If I were to have some kind of traumatic brain injury that caused me to return to academia I could see spending the next couple of decades in comparative analyses of actions, rhetoric and outcomes in the pandemic and over the next few years.
+arborman
The Anglosphere is the most completely mammonite, and while it's clear you can do fine if you're capitalists -- Singapore! -- it's pretty clear that you can't make it work if you're mammonites, because there's no way for a mammonite to construct "public health"; public anything is anathematic.
It makes me think that the next few years of Canadian politics are going to be about preventing anyone from noticing the stark choice between the politics of keeping the loot and the politics of being able to deal with emergencies. It looks like the loot is winning; it also looks like this is a terrible harbinger for effective public responses as the agricultural collapse accelerates.

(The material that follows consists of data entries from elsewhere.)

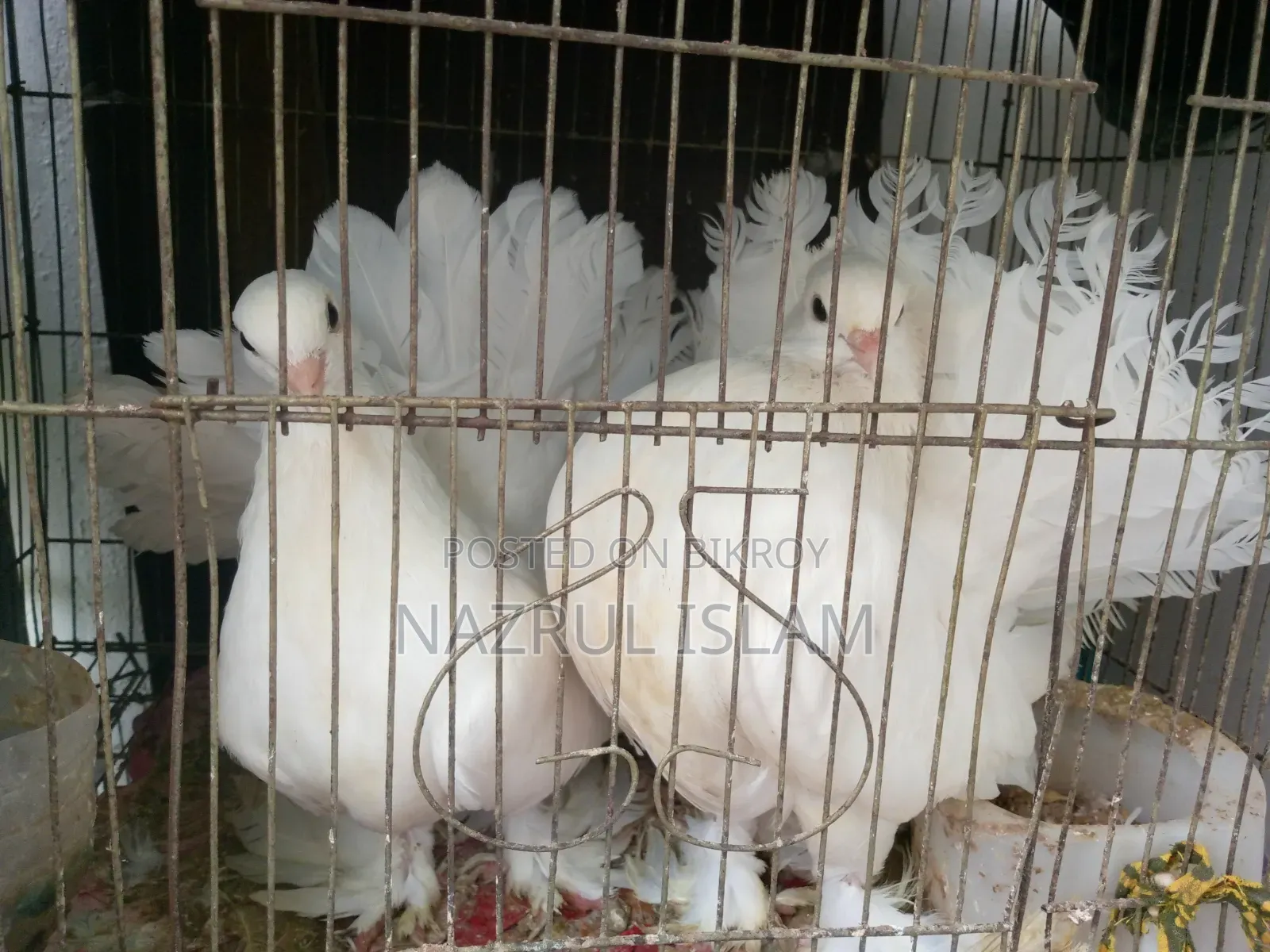 লক্ষা কবুতর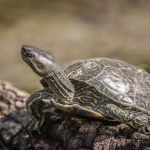 Kaspische Bachschildkröte (Mauremys caspica)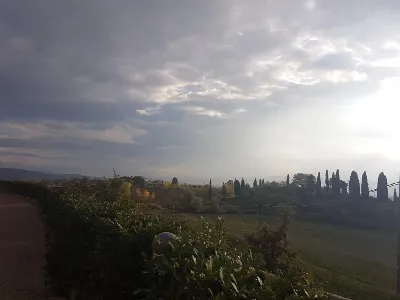 Appartamento in vendita a Sovicille - foto 3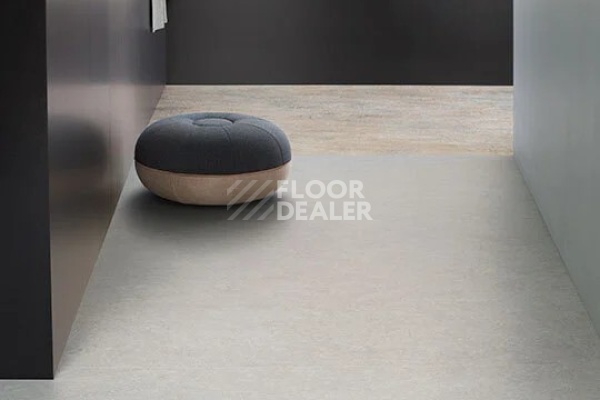 Линолеум Marmoleum Decibel 388935 cinder фото 1 | FLOORDEALER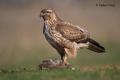 Ratonero común  (Buteo buteo)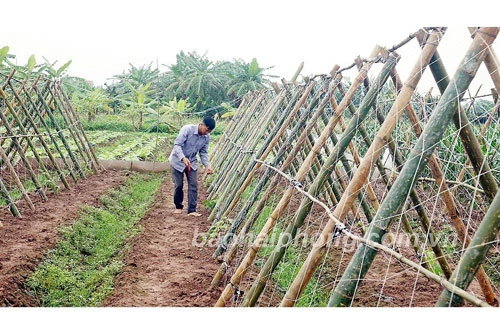 Anh Đằm chăm sóc giàn chanh leo mới trồng.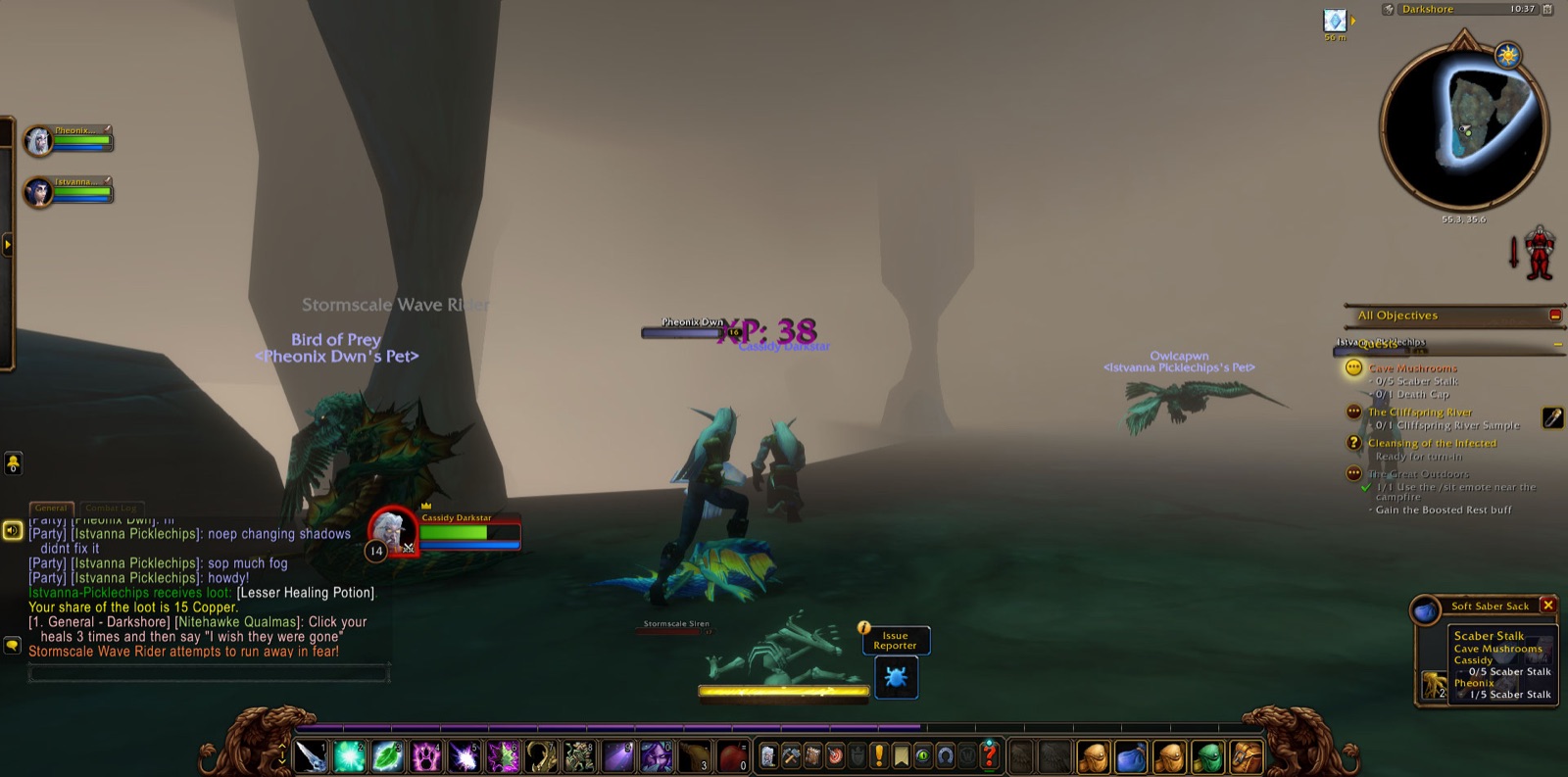 Screenshot in Darkshore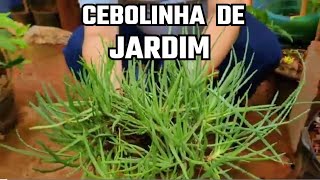 CEBOLINHA DE JARDIM  Bulbine frutescens [upl. by Leiand]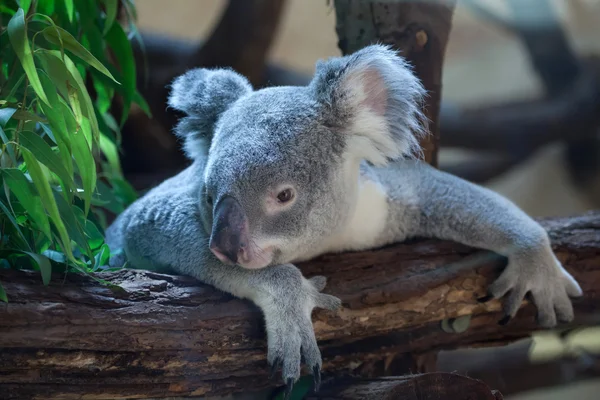 Bonito Queensland coala — Fotografia de Stock
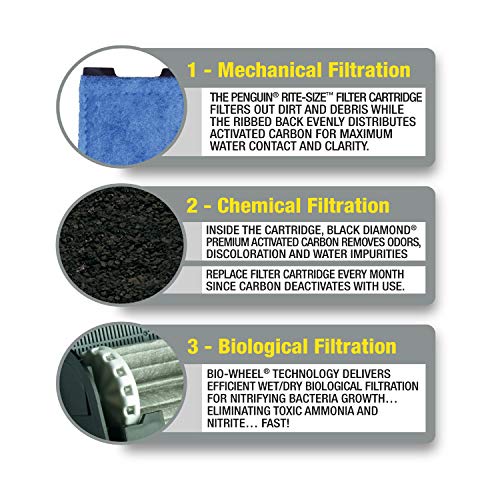 Your one-stop shop for diverse, top-quality aquarium supplies and accessories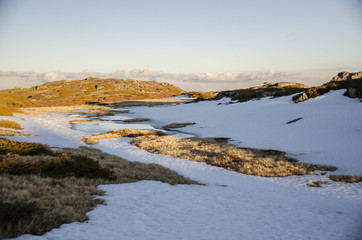 Neve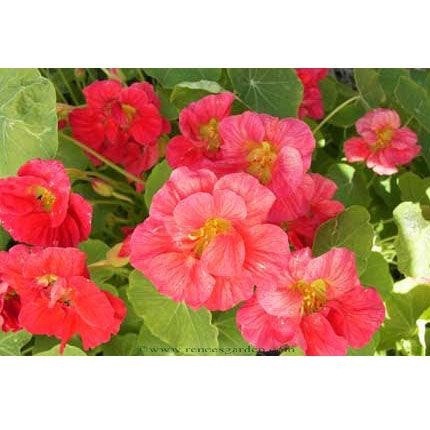 Cherries Jubilee Mounding Nasturtium Flower Seeds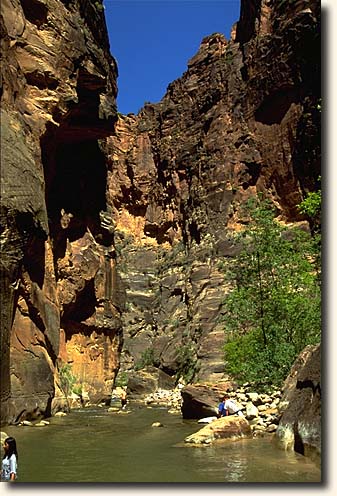 Zion NP: Virgin River Narrows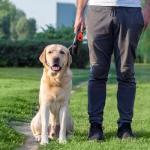 32 Pack Colorful Dog Training Clickers with Straps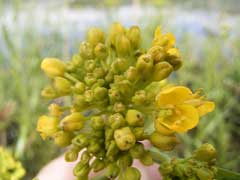 Rorippa amphibia Great Yellow Cress Rorippa amphibia Great Yellow Cress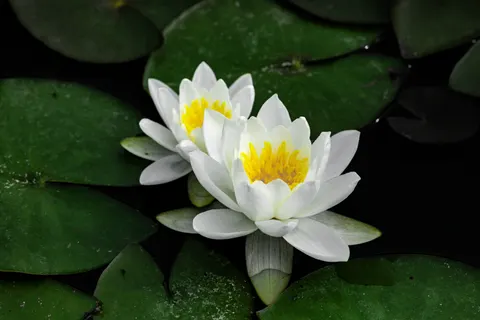 कुमुदिनी 4K वॉलपेपर · flowers · 3840×2560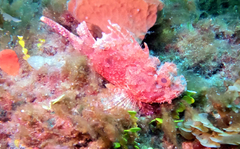 Scorpaena sumptuosa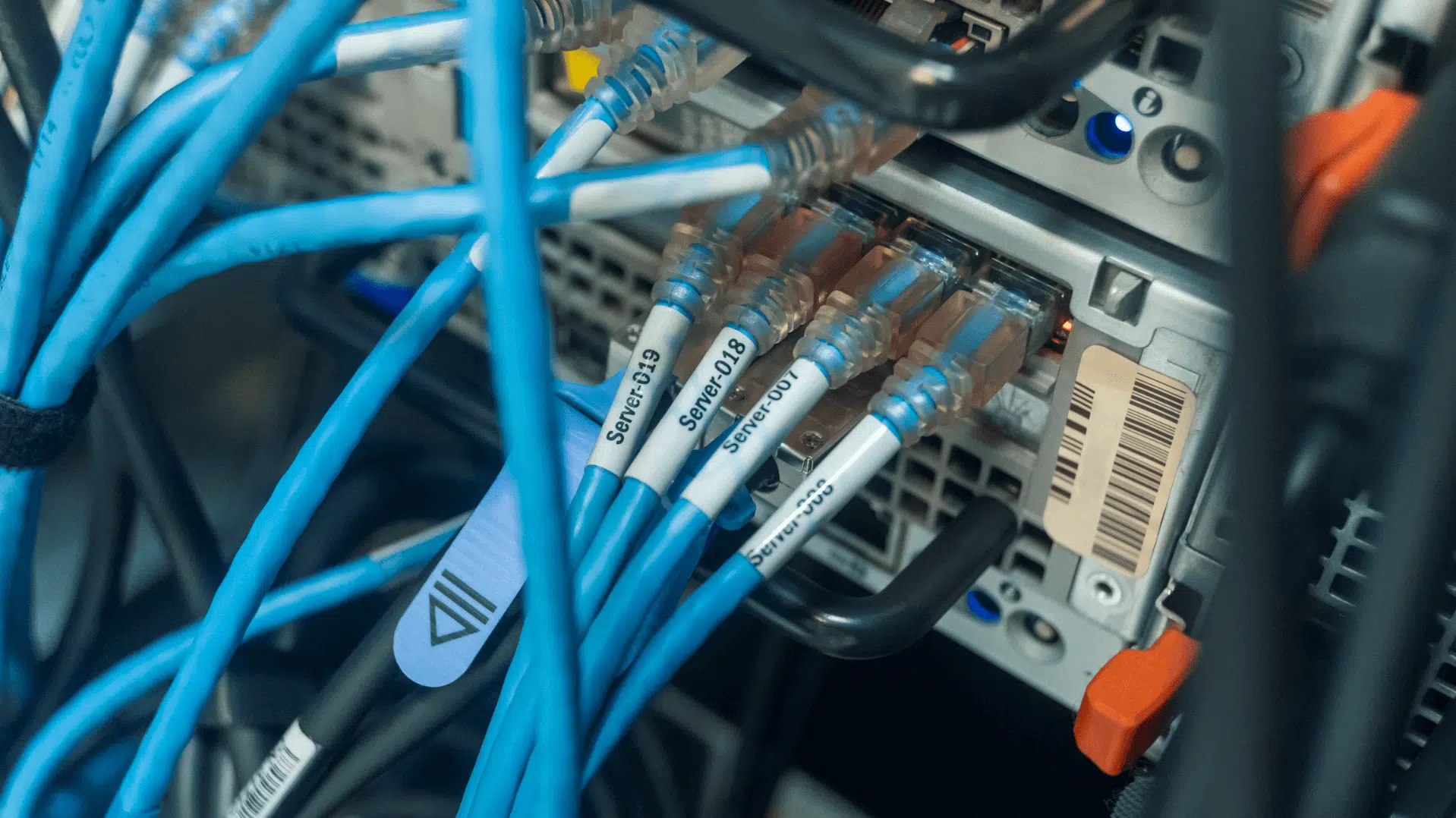 Sieci komputerowe w firmie – od czego zacząć i na co zwrócić uwagę?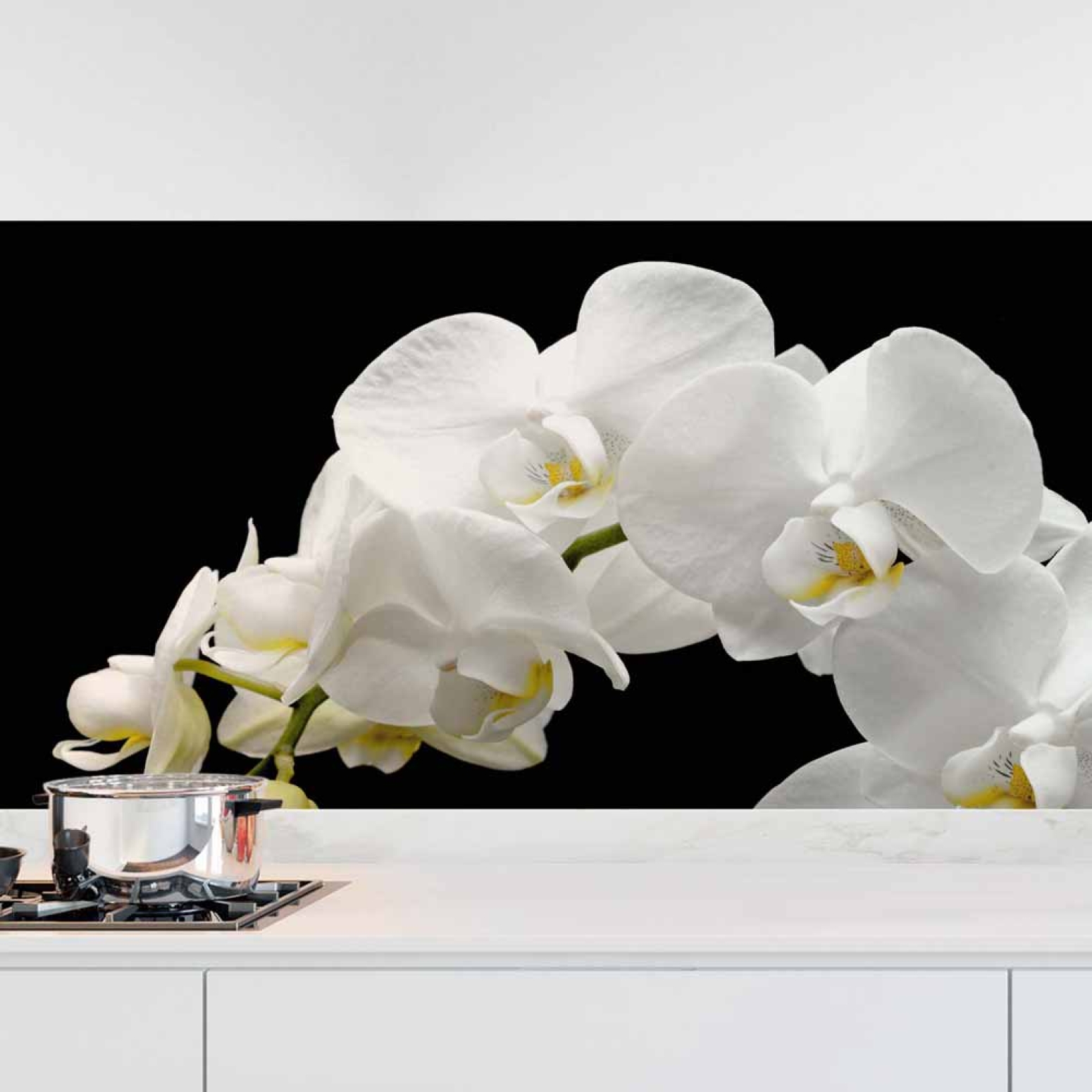 Küchenrückwand Folie Orchideen Weiß - Design mit edlen Akzenten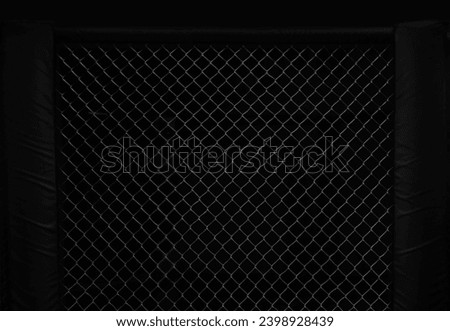 Image of an octagon. Concept of boxing, sport, muay thai, martial arts.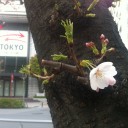 桜前線
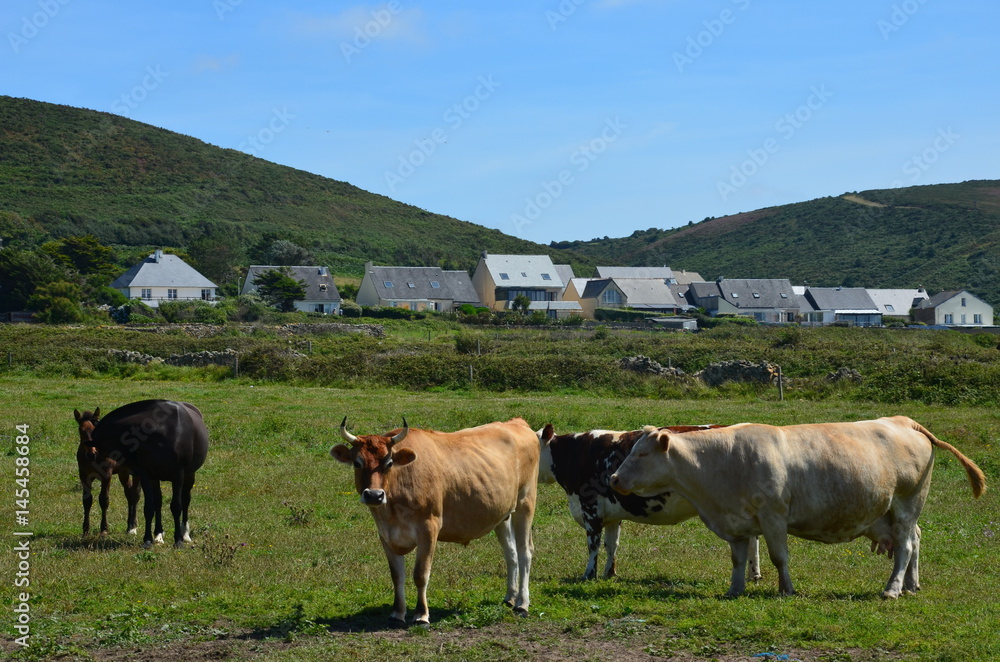 Vaches du Cotentin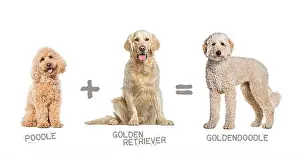 Golden Retriever Prints: Illustration of a mix between two breeds of dog - poodle and Golden retriever giving birth to a Goldendoodle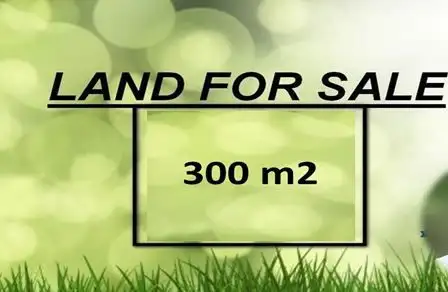 Lot 2184 Gecko Street, Marsden Park NSW 2765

"There are a couple of reported events -- not tendencies, emphatically not study results -- where vaccination cures someone's Long Covid symptoms. That in turn suggests that Long Covid is indeed a case of someone's immune system being unable to entirely clear the virus."
That's interesting. I've seen articles describing the symptoms of Long Covid, and they're similar to the symptoms of Chronic Fatigue Syndrome, which I've had since 1984.
I had my second (Pfizer) vaccination last week. How nice it would be if the vaccine cured the CFS while it was at it. :)
+Dorothy J Heydt
Excellent news that you're vaccinated!
Curing CFS right away, alas no, or at least nigh-miraculous if it happens, but there are apparently some folks looking at CFS, Lyme disease, and a few more of the novel tick-borne diseases getting thoughtful looks about the RNA delivery mechanism Pfizer and Moderna are using. And COVID is at least going to be grounds for a lot more research effort to understand long-term viral consequences, so we may hope something useful comes of that sooner rather than later.
A close friend of mine has been a cancer/genetic researcher for decades, and he is almost wild-eyed at the breakthroughs that have been happening with the global push for a COVID vaccine. Most particularly he is excited at the very real prospect of vaccines for a variety of cancers that were in the realm of SF until this past year.
+arborman
I recall seeing as completely non-COVID medical news that there's a trial of adult in-situ somatic cell genetic modification going on, to correct some particular cause of blindness.
If we can collectively keep from starving, we're on the brink of an age of wonders.
+OGH
Hasn't it always been the case? Most of our childhoods were spent with the near certainty of sudden nuclear annihilation on the whim of others, while at the same time seeing earth shaking advances in technology and science. At least the childhoods for those of us who came of age in the 20th century.
Now we are on the brink of climate collapse while also seeing earth shaking advances in tech and science - especially medicine, but other realms as well.
I am at root an optimist (harder now than 25 years ago, but not I suspect harder than in 1943 or 1916).